University of Westminster architecture student James Gardener has designed this conceptual bridge for the River Thames, London, made from a series of floating elements that would be linked together and free to move with the tide.
High Tide Street would connect the towns of Woolwich on the north bank and Silvertown on the south bank, and become a shared public space consisting of a concert hall, library, fish market and oyster bar.
The islands would be connected on flexible hinges and could be reconfigured.
Here's some more from the architect:
Floating delicately between the physical and cultural boundaries of Silvertown and Woolwich, a new inhabitable bridge generates ephemeral connections and constantly shifting spatial configurations, governed by the rhythmic ebb and flow of the Thames.
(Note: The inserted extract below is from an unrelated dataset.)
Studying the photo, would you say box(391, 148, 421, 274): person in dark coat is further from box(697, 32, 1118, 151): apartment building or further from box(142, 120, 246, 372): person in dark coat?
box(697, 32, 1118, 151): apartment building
Londoners can begin to re-territorialise the once vibrant artery of the city in this vacillating new cultural hub for London.
My project began with an intensive programme of time-lapse film studies, historical research and investigative interventions into the broken connections between both the North and South banks of the Thames at Silvertown/ Woolwich and more generally between London and the Thames. As the interventions developed, the brief set up a series of questions: how could the Thames be reoccupied and reconnected with London, using the contrapuntal dynamics of the ebb and flow of the tide as a generator for new, unusual spatial configurations and connections with London's main artery?
The programme proposes for a new cultural 'high street' for Silvertown/ Woolwich/ London, including a Thames Oyster bar, a floating library, a concert hall and fish market, all continuously shifting with the tide. New connections are made with the river both locally and for the whole of London.